AI summaryⓘ
The authors study how to improve reinforcement learning for large language models, where there is a trade-off between learning quickly from past examples (off-policy) and staying true to the current model (on-policy). They find that updating too many times on fixed data can cause the model's behavior to drift and stop improving. To fix this, they propose a two-step method called ERPD: first, learn aggressively from fixed data without strict limits, then carefully distill the useful knowledge back into the main model while avoiding harmful changes. Their approach works well on math reasoning tasks, helping models improve even when traditional training gets stuck, and can learn effectively from both strong and weak guidance.
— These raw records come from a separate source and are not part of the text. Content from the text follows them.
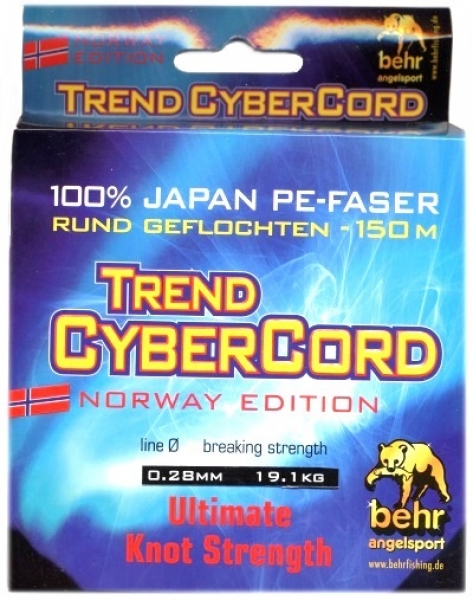 Behr TrendCyberCord must 150m 0.14mm/8,1kg 4501415 Behr TrendCyberCord must 150m 0.14mm/8,1kg 4501415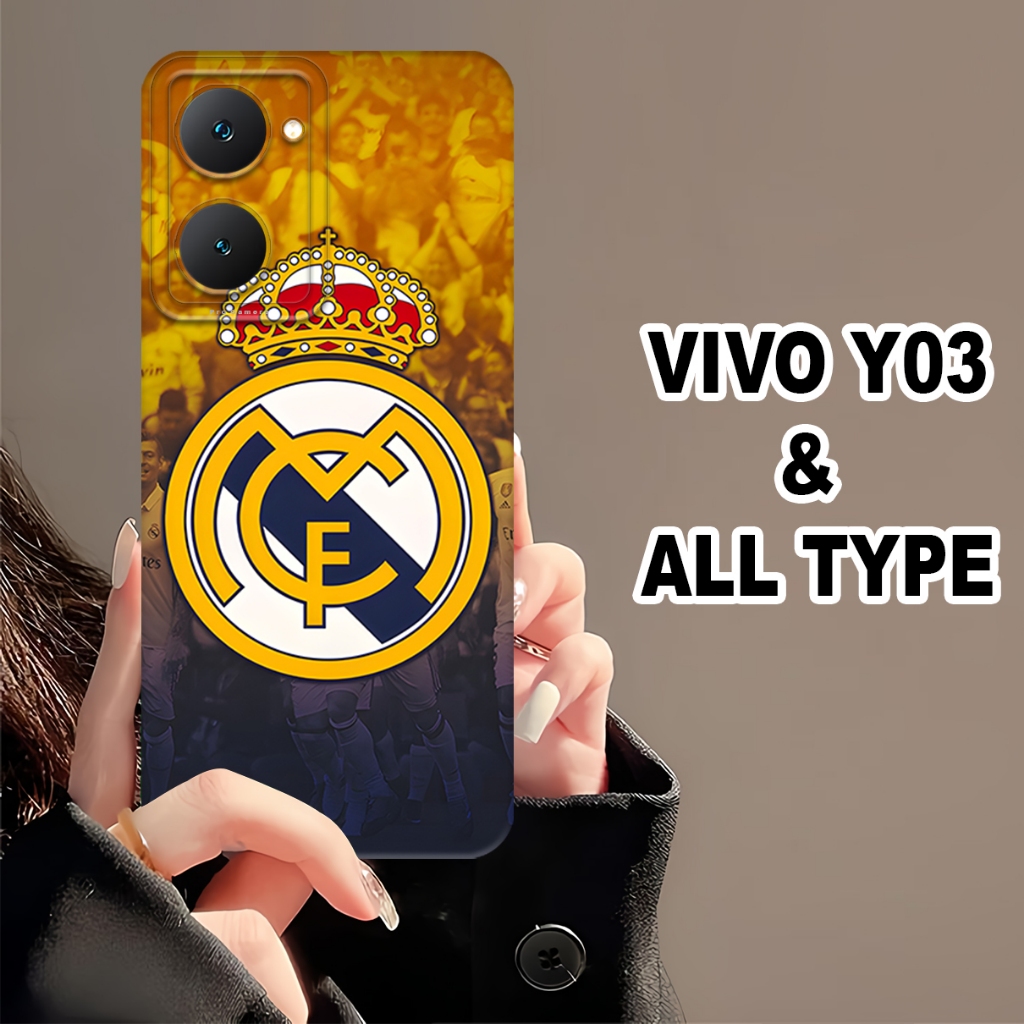 AC65/SOFTCASE PROCAMERA VIVO Y03 DAN ALL TYPE Y02 Y02T Y22 Y27 Y36 Y35 Y55 MOTIF BOLA /SOFCASE /SOFT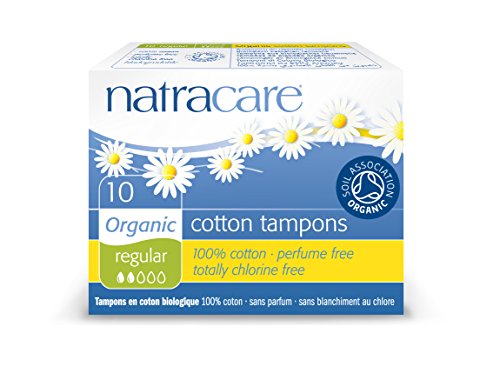 Natracare Organic All Cotton Regular Non-Applicator Tampons - Pack of 10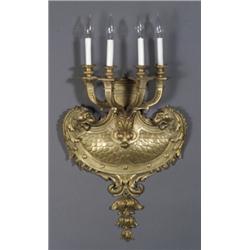 Continental Neoclassical Style Four-Light Wall Sconce 20th Century Height: 25-1/2 in (64.8...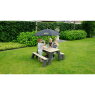 Table d'activités, sable et eau, et de pique-nique (2 bancs) avec parasol et outils de jardinage EXIT Aksent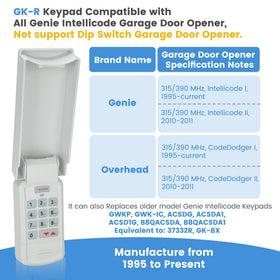 Soobool Genie keypad remote side view highlights compact design for easy storage.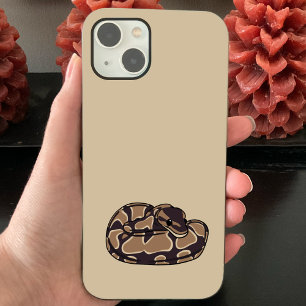 Boll Python Snake, Brown och Tan Illustrated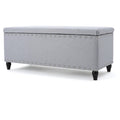 Light Gray Storage Ottoman A88634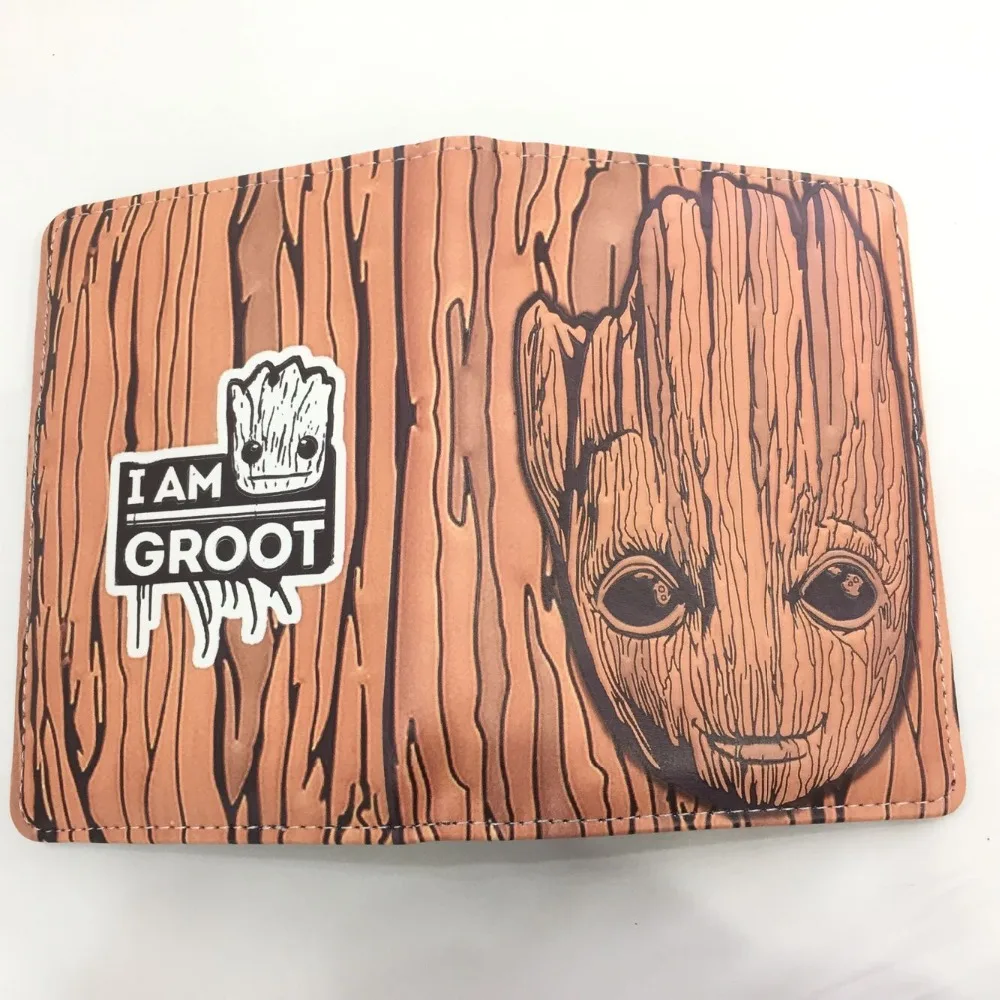 Чехол для паспорта аниме Groot милый мультяшный Держатель из искусственной кожи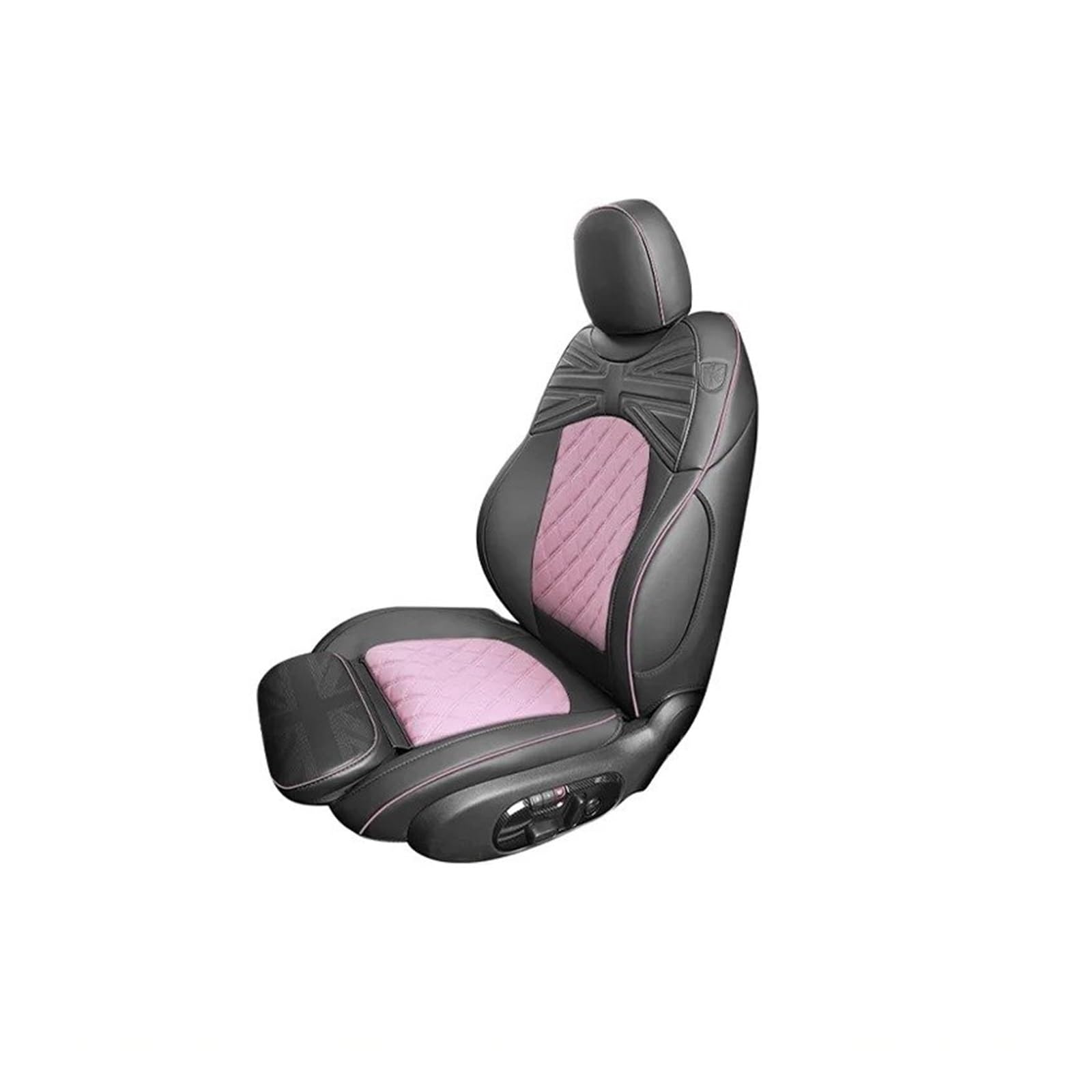 Autositzbezüge Für Mini Für Cooper R56R55F54F55F56F60 Autositz Alle Abdeckungen Schutzkissenpolster Leder Autozubehör Leder Autositzbezug Auto Sitzbezüge(Black and Pink) von XVGUOYAN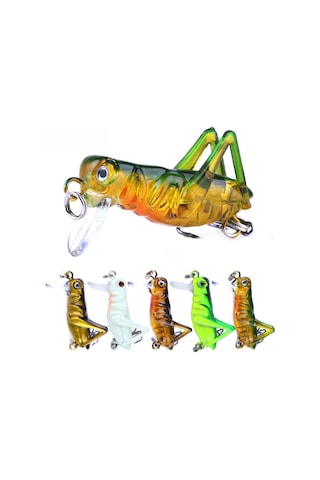 Teltree Hengjıa 3g 3.5cm Mini Işıklandırılmış Kırlangıç/yaban Arısı Yem, 8 İğne, Gerçekçi Tasarım, Balık Tutma Etkili, Toptan Satış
reinforcement learninglarge language modelsoff-policy learningon-policy learningtrust-region methodsKL divergencepolicy distillationmulti-step optimizationmathematical reasoning
Authors
Changyu Chen, Xiting Wang, Rui Yan
Abstract
Reinforcement learning for large language models faces a fundamental trade-off between sample efficiency and asymptotic performance: strictly on-policy methods discard trajectories after a single update, while off-policy reuse introduces distribution mismatch that existing trust-region techniques mitigate primarily by enforcing conservative optimization, often leaving rich training signals underutilized. To investigate this, we perform extensive off-policy updates on fixed data. Our experiments reveal that aggressive multi-step optimization brings rapid initial gains, but excessive updates cause trajectory probabilities to deviate and entropy to collapse, with performance plateauing early. Tightening KL constraints merely lowers the ceiling without resolving the degradation. This motivates Extreme Region Policy Distillation (ERPD), a two-stage framework that decouples sample efficiency from KL efficiency. The first stage performs weakly constrained off-policy optimization on fixed data to maximally extract training signals. The resulting policy provides token-level supervision. In the second stage, we distill these signals into the base policy under trust-region constraints, filtering harmful drift while preserving useful signals. The distilled policy achieves comparable or better performance with substantially smaller KL divergence, indicating that much of the first-stage divergence was spent on unnecessary drift rather than genuine improvement. Crucially, ERPD accommodates both strong and weak teachers: when aggressive optimization yields no stronger policy, even degenerate teachers provide effective supervision via alternative signal construction strategies. We validate ERPD on mathematical reasoning, showing gains for strong base models where on-policy training plateaus, and reliable improvements with weak teachers.